I will outline my problem first as it's the easiest way to make myself
understood. I have a dataset of surface values for points in the world
ocean. Currently it is at 1 degree resolution but I want to
interpolate to 1/10 degree resolution using cubic interpolation. The
input array is 360x180 points (longitude x latitude) and points that
are on land are given as NaNs.

When I use the interpolation as specified the NaNs propagate out and
areas that were ocean are now being identified as land. I can't just
take ocean values, put them in a new 'ocean' array and then
interpolate, because this would cause interpolation between points
that would ordinarily be separated by land.

I need a way for matlab to consider NaNs as hard boundaries and to
ignore interpolation across them. Is there a way to do this? Or will I
have to code the interpolation algorithm from scratch?

I hope I've made myself clear. If not I'm happy to clarify further

Thanks,
Rob

CSM <robthevagrant@gmail.com> wrote in message
<e143d594-200b-41fb-b3d5-
ff856de1d93c@s8g2000prg.googlegroups.com>...
> Hello,
>
> Is there a way to get 2 dimensional interpolation to ignore certain
> values?
>
> I will outline my problem first as it's the easiest way to make myself
> understood.

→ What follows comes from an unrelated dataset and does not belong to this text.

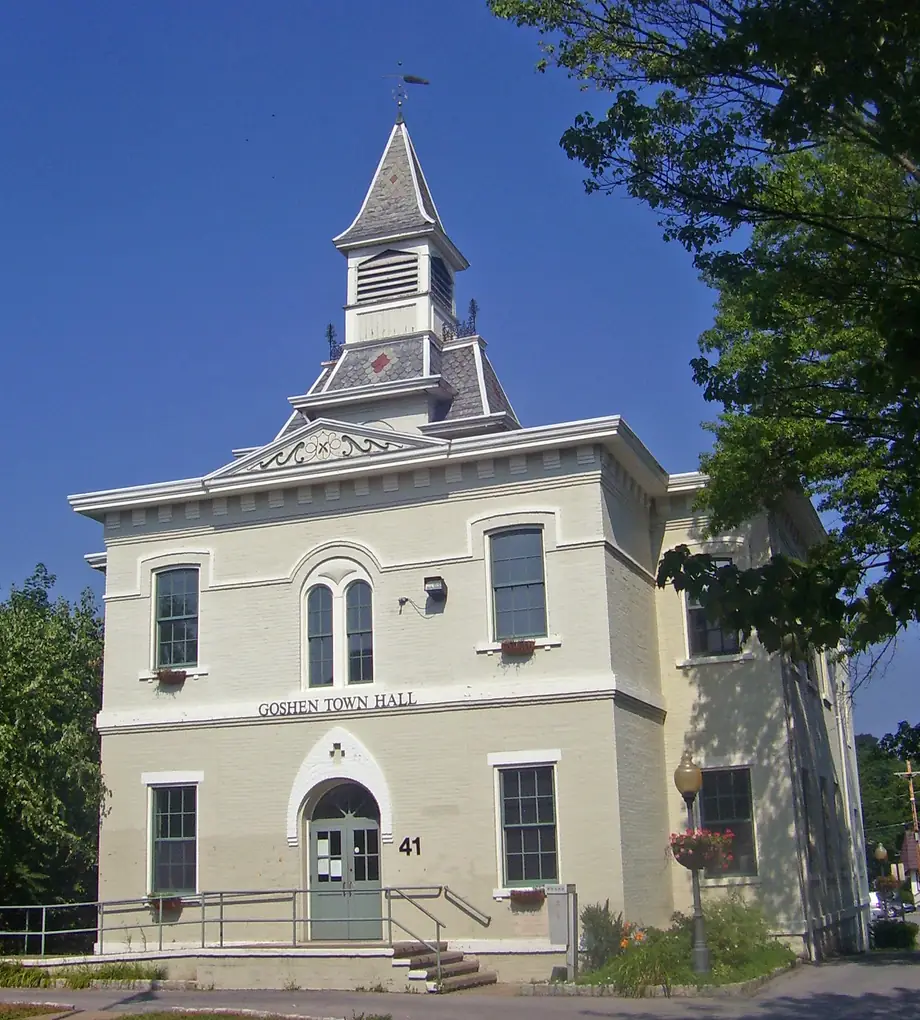 Goshen Town Hall in the Village of Goshen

I have a dataset of surface values for points in the world
> ocean. Currently it is at 1 degree resolution but I want to
> interpolate to 1/10 degree resolution using cubic interpolation. The
> input array is 360x180 points (longitude x latitude) and points that
> are on land are given as NaNs.
>
> When I use the interpolation as specified the NaNs propagate out and
> areas that were ocean are now being identified as land. I can't just
> take ocean values, put them in a new 'ocean' array and then
> interpolate, because this would cause interpolation between points
> that would ordinarily be separated by land.
>
> I need a way for matlab to consider NaNs as hard boundaries and to
> ignore interpolation across them. Is there a way to do this? Or will I
> have to code the interpolation algorithm from scratch?
>
> I hope I've made myself clear. If not I'm happy to clarify further
>
> Thanks,
> Rob
------------
  The interpolation-extrapolation process depends heavily on an assumption
of continuity of some sort when increasing the resolution of an array of data.
However, when discontinuities are known to be present, such as the
transition from ocean to land in your case, an increase in resolution becomes
impossible in the vicinity of that discontinuity. The necessary information is
simply not there in the data.

  Specifically, if you have two array points a degree apart with one being an
ocean point and the other a land point, there is no way of determining to a
resolution of a tenth of a degree where the transition from ocean to land
occurs between those two points. The same difficulty is present in a two-
dimensional representation of a discontinuity boundary. Your shore line
could be drawn at a higher resolution in a great many different ways, all
consistent with the given lower resolution data. There is no way of
distinguishing which of these would be the most accurate without some
additional information being made available.

Roger Stafford

Roger Stafford <ellieandrogerxyzzy@mindspring.com.invalid> wrote:
> CSM <robthevagrant@gmail.com> wrote in message
> <e143d594-200b-41fb-b3d5-
> ff856de1d93c@s8g2000prg.googlegroups.com>...
>> Hello,
>>
>> Is there a way to get 2 dimensional interpolation to ignore certain
>> values?
>>
>> I will outline my problem first as it's the easiest way to make myself
>> understood. I have a dataset of surface values for points in the world
>> ocean. Currently it is at 1 degree resolution but I want to
>> interpolate to 1/10 degree resolution using cubic interpolation. The
>> input array is 360x180 points (longitude x latitude) and points that
>> are on land are given as NaNs.
>>
[snip]

> The interpolation-extrapolation process depends heavily on an assumption
> of continuity of some sort when increasing the resolution of an array of
data.
> However, when discontinuities are known to be present, such as the
> transition from ocean to land in your case, an increase in resolution
becomes
> impossible in the vicinity of that discontinuity. The necessary
information is
> simply not there in the data.
>
[snip]

>
> Roger Stafford
>

Roger's comments are spot on here, which is why you don't find a simple
answer with the standard versions of the interpolation routines.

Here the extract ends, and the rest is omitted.